Thanks everyone for the advice! I will definitely look into these options. In the meantime, was curious to hear what advice anyone might have for worst case scenario- that I am unable to get any form of long-term disability insurance (i.e. no GSI, no group plan available w employer, denied individual policy)? If this has happened to anyone on here, how did the lack of insurance affect your overall financial picture- buying a house, savings, etc?
Any thoughts?
I can’t speak to anything else but assuming the worst case scenario, I would try to focus on jobs that provide you with some level of protection.

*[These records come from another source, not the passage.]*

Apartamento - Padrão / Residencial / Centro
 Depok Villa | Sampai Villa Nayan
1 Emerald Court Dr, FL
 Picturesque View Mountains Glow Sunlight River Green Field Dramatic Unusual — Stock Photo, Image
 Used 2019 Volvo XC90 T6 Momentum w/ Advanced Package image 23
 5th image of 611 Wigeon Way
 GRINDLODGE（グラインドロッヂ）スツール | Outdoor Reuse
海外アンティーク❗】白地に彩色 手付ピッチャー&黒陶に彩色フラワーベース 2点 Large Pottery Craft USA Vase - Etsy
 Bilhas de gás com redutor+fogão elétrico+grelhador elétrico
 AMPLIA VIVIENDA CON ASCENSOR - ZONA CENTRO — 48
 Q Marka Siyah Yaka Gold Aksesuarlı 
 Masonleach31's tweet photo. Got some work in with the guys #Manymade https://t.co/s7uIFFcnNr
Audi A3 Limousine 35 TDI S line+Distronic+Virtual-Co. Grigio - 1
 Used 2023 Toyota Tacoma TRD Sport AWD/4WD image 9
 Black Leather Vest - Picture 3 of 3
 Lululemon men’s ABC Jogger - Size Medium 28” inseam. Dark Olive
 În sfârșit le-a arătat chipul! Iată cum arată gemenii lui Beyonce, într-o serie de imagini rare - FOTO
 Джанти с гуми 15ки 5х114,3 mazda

This would likely mean a hospital employed position or larger practice as a sole practitioner or small practice likely will not provide any coverage to you.
The first thing to do is to check for a GSI plan or guaranteed conversion plan that you might be able to take advantage of via your hospital. I would look to avoid medical underwriters.
If you can’t get the standard disability policies you might want to look at quotes from Fidelity Security for their graded benefit plan.
It’s more expensive and not as strong but it still can pay a benefit.
As far as having no DI – maybe look for an employer that offers a group plan that you can have in the future.